Taşnak Partisi’nde yoğunlaşmış olan Ermeni milliyetçileri de aslında İttihatçılarla birlikte çalışarak 1908’de II. Abdülhamid’i tahttan indirmişlerdi ve 1912 yılına kadar İttihat ve Terakki ile koalisyon ortağı idiler. Taşnaklar Balkan savaşlarından sonra kendilerine verilen reform sözlerinin yerine getirilmediğini görerek Batılı devletlerden destek aradılar. Onlar Doğu Anadolu’da idari ve siyasi bir reform istiyorlardı. Taşnaklar, büyük devletlerin yardımıyla İttihat Terakki’ye baskı yaptılar ve başarılı oldular. 1914’te Ermeni Reformu Anlaşması yapıldı. Doğu Anadolu iki vilayete ayrılacak, yönetim Hıristiyanlarla Müslümanların katılımıyla olacaktı. Ayrıca iki yabancı vali atanacaktı ve atandı da. Osmanlı yöneticileri bunu bağımsızlığa doğru giden ilk adım olarak algıladılar. 1914’te acilen I. Dünya Savaşı’na girdiklerinde de bu reform planını rafa kaldırdılar. Savaşa girince İttihatçılar bir anlamda hareket özgürlüğü kazandılar. Artık dış baskılardan kurtulmuşlardı.

İttihatçılar bu boşluğu nasıl değerlendirdi?

İşte bu noktada, özellikle İttihatçıların sivil kanadının geliştirmiş olduğu bir Türkleştirme projesi ortaya çıktı. Bunun esası bir nüfus mühendisliği projesininin hayata geçirilmesiydi. İlk olarak, 1913-18 arasında yaklaşık 5 milyon insan yer değiştirdi. İkinci olarak, Anadolu’nun Türklerin dışındaki etnik gruplarının Türklük şemsiyesi altında toplanması, yani asimile edilmesiydi.
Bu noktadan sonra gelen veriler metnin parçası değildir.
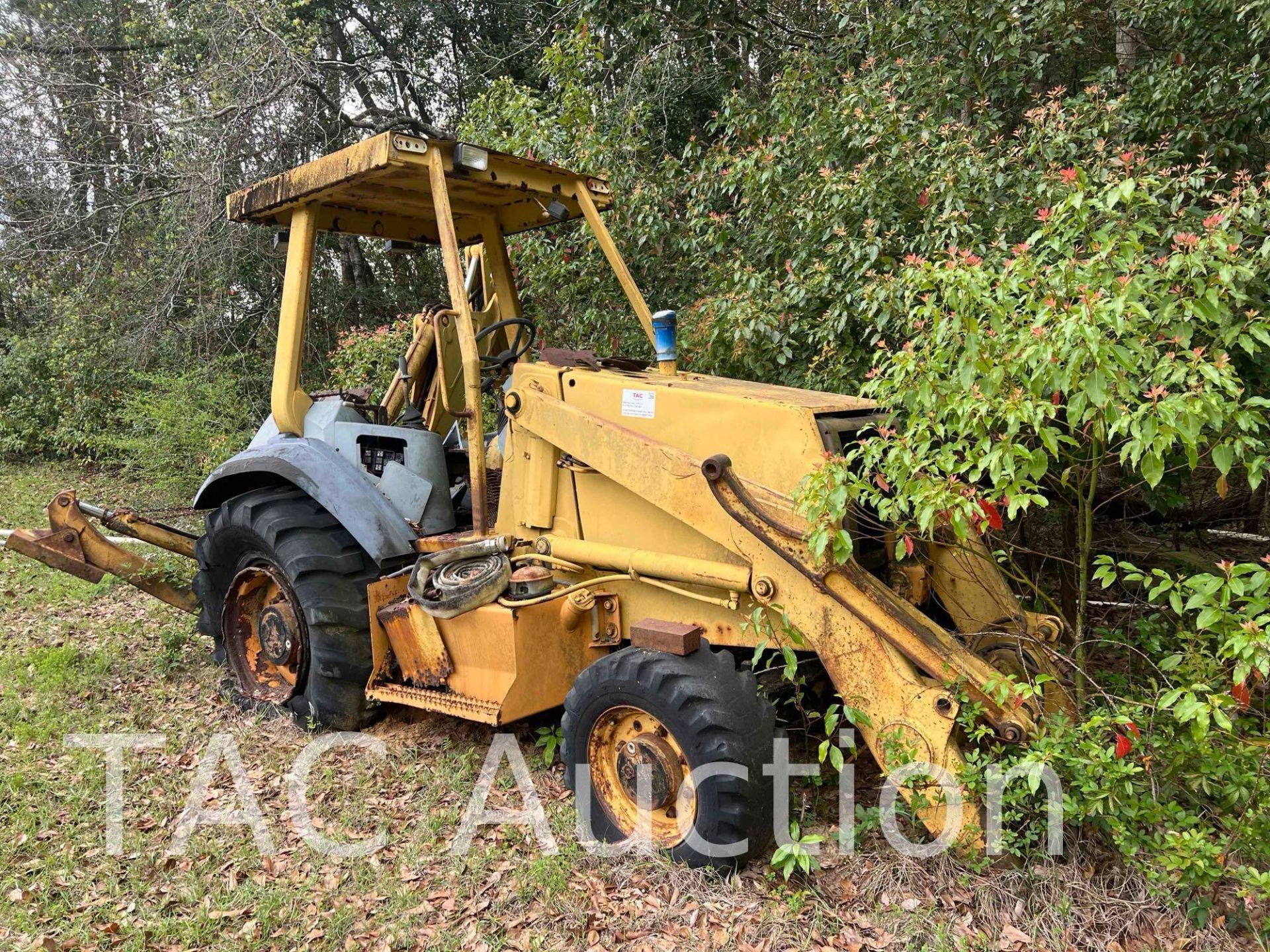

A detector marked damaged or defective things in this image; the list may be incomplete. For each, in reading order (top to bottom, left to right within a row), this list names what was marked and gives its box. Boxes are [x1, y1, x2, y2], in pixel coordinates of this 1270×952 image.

rusted metal surface [3, 495, 198, 614]
rusted metal surface [221, 566, 304, 700]
rusty wheel hub [221, 566, 304, 711]
rusted metal surface [373, 596, 454, 685]
rusted metal surface [632, 619, 706, 654]
rusty wheel hub [587, 705, 696, 848]
rusted metal surface [587, 711, 696, 848]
Burada İslamiyet’e dayanarak Türklüğü güçlendirme siyaseti izlendi.

Bu süreç Anadolu’da nasıl bir tabloyu ortaya çıkardı?

Osmanlı Devleti’nin 1906 yılında yaptığı nüfus sayımına göre, günümüz Türkiye sınırları içinde nüfus 15 milyon civarındadır. Bu nüfusun yüzde 20’si de gayrimüslimlerden oluşmaktadır. 1927 yılında Cumhuriyet yönetiminin ilk nüfus sayımına göre ise nüfus 13.6 milyona düşmüştür. Tabii ki 10 yıllık savaşta çok insan ölmüştür. Ama 1927 yılında toplam nüfus içinde gayrimüslimlerin oranı yüzde 2.5’e düşmüştür. Ermeni tehcirinde insanların Suriye çöllerine sürüldüğünü ve yok edildiklerini, Türk-Yunan nüfus mübadelesinde ise 1 milyon 200 bin Anadolu Rumu’nun Yunanistan’a yollandığını düşündüğümüz zaman bu sayılar anlam kazanmaya başlar. Kısacası, Birinci Dünya Savaşı’ndan önce Türkiye’nin bugünkü sınırları içinde yaşayan her beş kişiden biri (yüzde 20) gayrimüslimdi; savaştan sonra ise bu oran kırktabire (yüzde 2.5) düştü. Bu düpedüz nüfusun Türkleştirilmesi politikasıdır.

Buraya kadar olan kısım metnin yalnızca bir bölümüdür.